Ramai Dikeruk, Bagaimana Cara Perpanjang Umur Tambang Nikel?

Jakarta, CNBC Indonesia - Indonesia bercita-cita menjadi "raja baterai" kendaraan listrik atau electric vehicle (EV) di dunia. Hal ini seiring dengan keberadan "harta karun" dalam bentuk nikel yang melimpah di Indonesia.
Seperti diketahui, nikel merupakan salah satu bahan yang diperlukan dalam pembuatan baterai EV. Selain tembaga, nikel berperan penting dalam produksi baterai kendaraan listrik.
Namun ternyata, cadangan nikel di Indonesia juga bisa habis dalam jangka waktu yang panjang. Lantas bagaimana cara memperpanjang umur tambang nikel tersebut?
Ketua Umum Perhimpunan Ahli Pertambangan Indonesia (PERHAPI) Rizal Kasli menilai, Indonesia semakin agresif dalam menambang komoditas nikel. Namun, dengan agresifnya penambangan nikel untuk mendukung hilirisasi di Indonesia, diproyeksikan dalam jangka panjang, cadangan nikel di Indonesia juga bisa semakin menipis.
Rizal mengatakan, pemerintah perlu mendorong upaya dalam memperpanjang umur pertambangan nikel. Hal tersebut bisa dilakukan dengan kegiatan eksplorasi dalam menemukan lokasi cadangan nikel lainnya di Indonesia.
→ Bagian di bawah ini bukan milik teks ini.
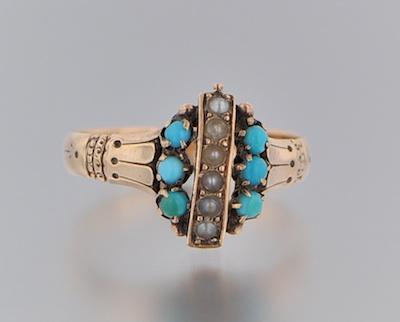 Appraisal: A Vintage Seed Pearl and Turquoise k yellow gold ring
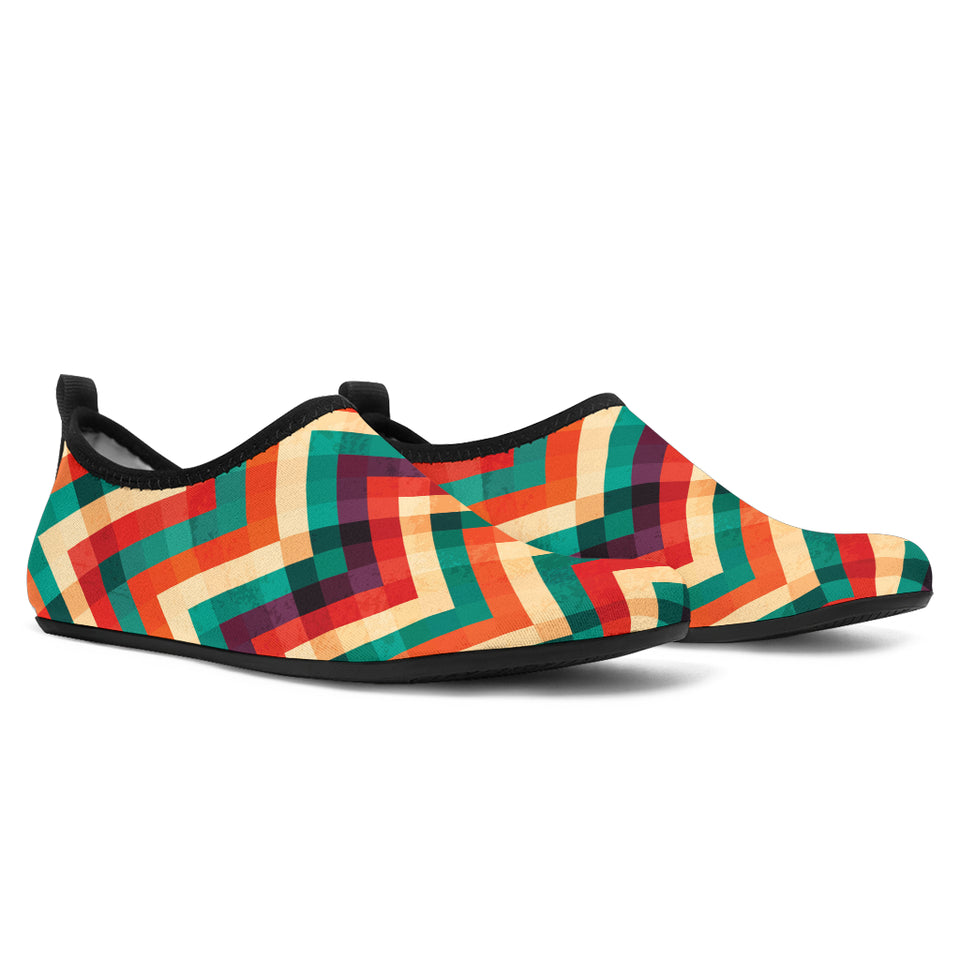 Zigzag  Chevron Colorful Pattern Aqua Shoes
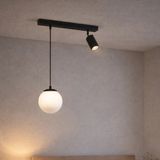 Mikasso Modern Siyah Plafonyer Avize 40 cm 15 cm Cam Küre Yönlendirilebilir Spot Metal Metal 2 E27 Siyah Sal - Çok Renkli
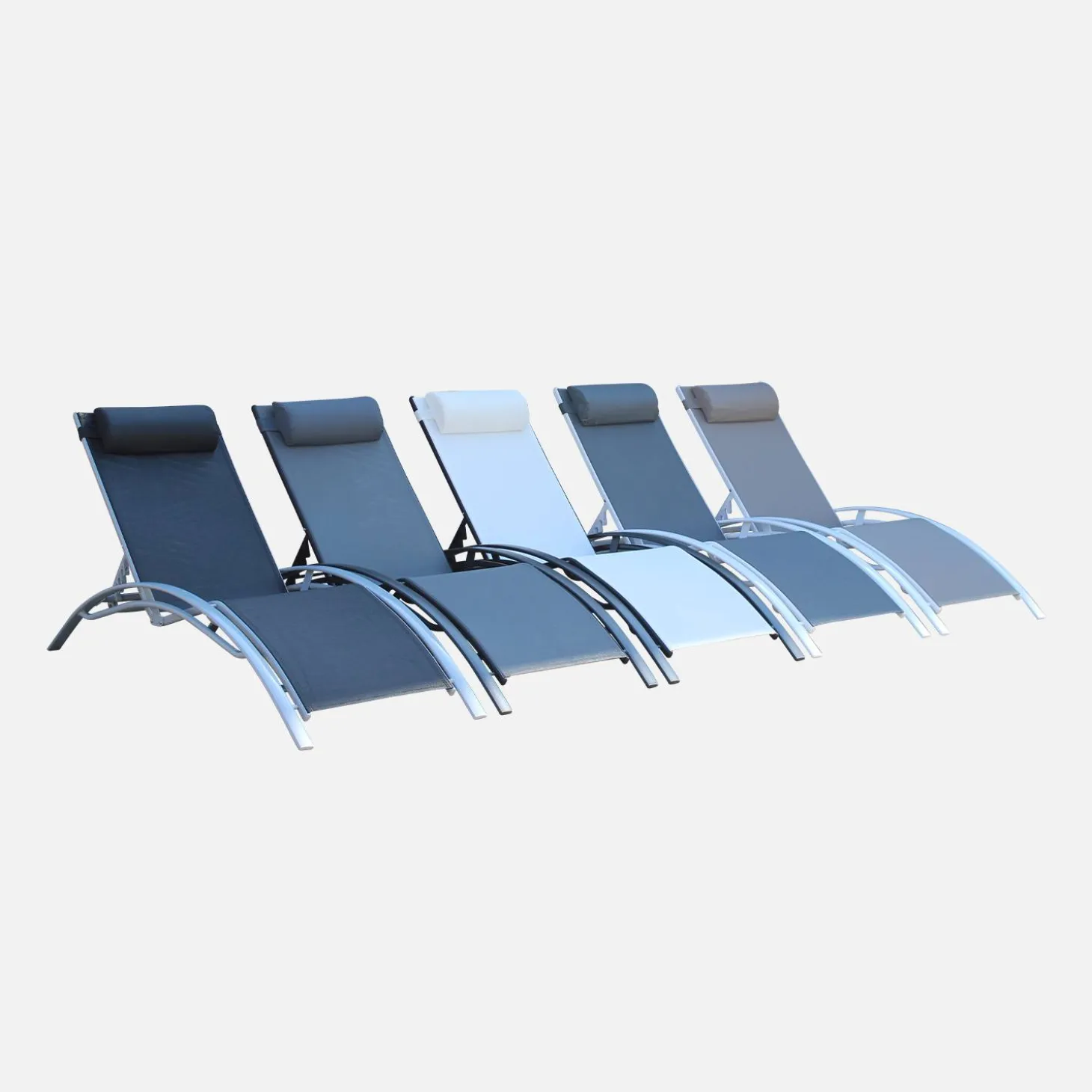 Set van 2 aluminium en textileen ligbedden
Selain itu, Rizal juga menyarankan agar pemerintah bisa mengkonversi sumber daya nikel menjadi cadangan di Indonesia.
"Kita harus melakukan kegiatan eksplorasi yang lebih agresif baik untuk mendapatkan cadangan baru, lokasi baru maupun untuk mengkonversi sumber daya menjadi cadangan. Ini salah satu yang bisa kita lakukan untuk memperpanjang umur tambang," ujar Rizal kepada CNBC Indonesia dalam Mining Zone, dikutip Kamis (19/1/2023).
Adapun, Rizal juga menyarankan agar pemerintah segera menerbitkan moratorium pembangunan pengolahan dan pemurnian (smelter) nikel di Indonesia. Hal tersebut menimbang Indonesia yang semakin masif dalam hilirisasi nikel namun tidak dibatasi penambangannya.
Dalam jangka panjang, cadangan nikel di Indonesia tidak bisa mencukupi kebutuhan hilirisasi dalam negeri lagi. Dia mengatakan kebutuhan bijih nikel dalam setahun bisa mencapai 400 juta ton. Rizal menyebutkan, pemerintah sudah saatnya melakukan moratorium untuk pembangunan smelter dengan teknologi fero metalurgi yang berbasis energi terbarukan.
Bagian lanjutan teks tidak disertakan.